The next positive sign that the film would was getting closer to a greenlight was Robert Downey Jr. attaching himself as the male lead in early 2010, but the film still needed that female lead that carries most of the film. Angelina Jolie had always been eyed for the role but a deal could never be worked out and finally in the summer of 2010, Jolie passed and leaving the studio and Cuaron back at square one.
Warners tested several leading ladies and at one point was very high on Blake Lively. After working with her on "The Town," the studio was looking at her for almost every female-driven project it had in 2010, including "Gravity", which to several insiders at the time seemed like an odd choice given how young Lively was and the fact that the main character was suppose to have a daughter in the film too.

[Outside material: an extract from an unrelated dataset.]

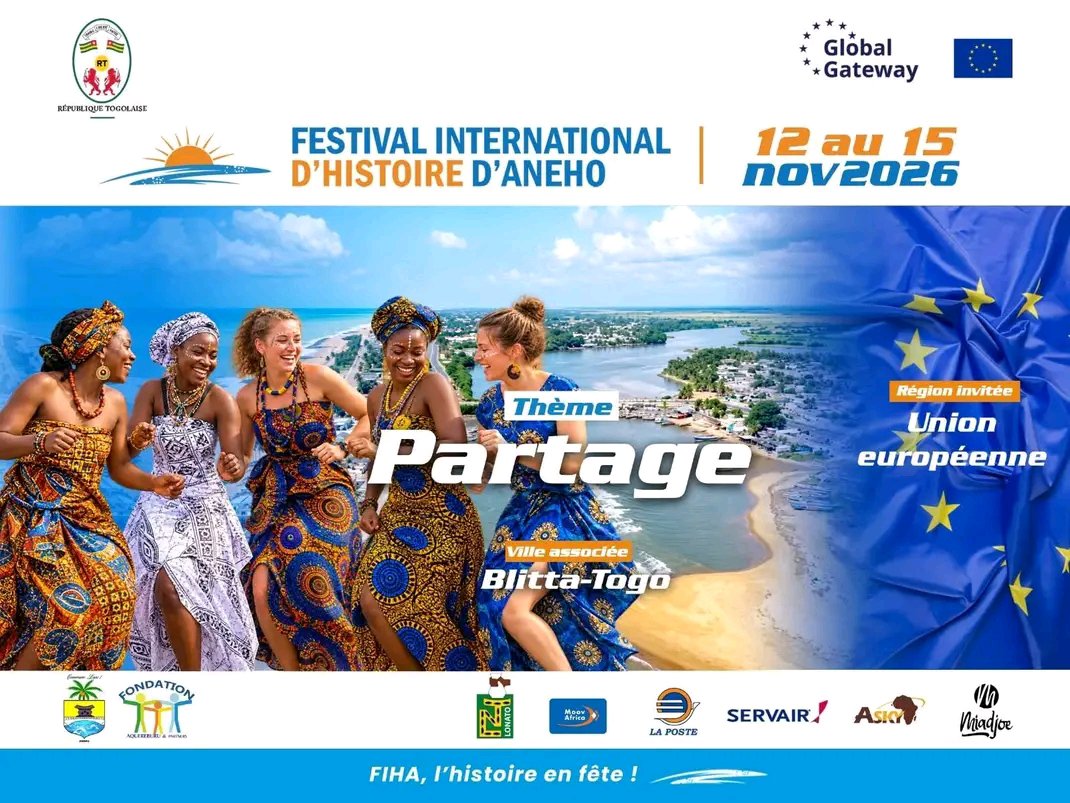 LegalistMagnani's tweet photo. 🇹🇬 Aného célèbre son histoire !

Du 12 au 15 novembre, l’ancienne capitale du Togo accueille un festival avec conférences, animations culturelles et salon du livre jeunesse.

Un rendez-vous pour célébrer et transmettre notre patrimoine.

#Togo #Aneho #Culture #Patrimoine https://t.co/CJsLccYg06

WB eventually moved off the idea and set its sights on Natalie Portman following her Oscar win for "Black Swan," but the actress was looking to take a much needed break (and was also eventually sidelined with an a pregnancy) leaving "Gravity" in the same state that its main character: grasping for life.
Enter Sandra Bullock.
Coming off an acting hiatus herself, Bullock, who won an Oscar for WB's "Blind Side" in 2010, was looking for something that would challenge her and top WB execs along with Cauron and Heyman saw the opportunity and moved fast to land her.
Finally, "Gravity" was ready for lift-off but there was still one more hurdle to deal with: Iron Man. Since production was forced to move because the search for the main character took so long, Robert Downey Jr. was forced to exit the long-gestating project because of "The Avengers" and "Iron Man 3" scheduling conflict.
What would seem like a blow to most films ended up working out with George Clooney's schedule opening up just as the film was expected to commence production. The short shoot for his character ended up working out for Clooney's schedule and Warners signed him just in time for the first quarter shoot in 2011.
In an age where films are constantly being bad-mouthed if there is any delay in development or production, "Gravity" is a case where a studio's confidence and patience with not only the project but the filmmaker paid off in a big way.